I didn’t like her mention of Martin’s DNA being collected by the scene-of-crime team, but I had to admit that she was talking sense.

‘That still leaves three missing hours from pub closing time. What could I have been doing? If only I could get that time back. If only I could remember.’

Clare stood up and walked over to the window, staring through the glass on to the dark shadows on the street.

‘I have a friend who might be able to help,’ she said after a moment. ‘His name is Gil. He works at the centre, he’s a clinical psychiatrist who specializes in trauma.’

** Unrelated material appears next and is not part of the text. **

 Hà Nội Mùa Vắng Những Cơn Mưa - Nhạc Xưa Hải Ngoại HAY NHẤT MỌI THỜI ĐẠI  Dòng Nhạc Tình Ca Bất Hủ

I looked at her, a tiny dot of hope growing.

‘But I thought you said you couldn’t retrieve memories from a blackout?’

‘It’s not an exact science, and I’m not sure if it can be done in your case. But if there’s a way, Gil will know. I think we should see whether it is possible, don’t you?’

I jumped up and threw my arms around her. ‘Thank you, Clare. You are so wonderful.’

‘Hey, it’s OK,’ she murmured, pulling me close, stroking my hair. For a moment, a memory dislodged. A night at university. The night of the summer ball. It had been such a warm day, the balminess was still in the air and the Sloaney girls on the events committee had done a glorious job transforming the grounds of our halls of residence into a wonderland sprinkled with hurricane lanterns; it was as if the whole place had been dusted with stardust and fireflies, just like the night Alex had described, the night he first kissed Donna. Clare and I had been reckless too. We were drunk and happy, the fairground rides at the far end of the lawns making us even more dizzy and heady. I had felt beautiful that evening in a long vintage dress I’d found in a charity shop. A year earlier, I had been the girl behind the bike shed, the school slut who smoked and slept her way around town, trying to get noticed. But that night I’d felt like a princess in a fairy tale and Clare had been cast in the same spell. I wondered if she ever remembered that night. Those carefree, reckless days of youth – oh, how I missed them.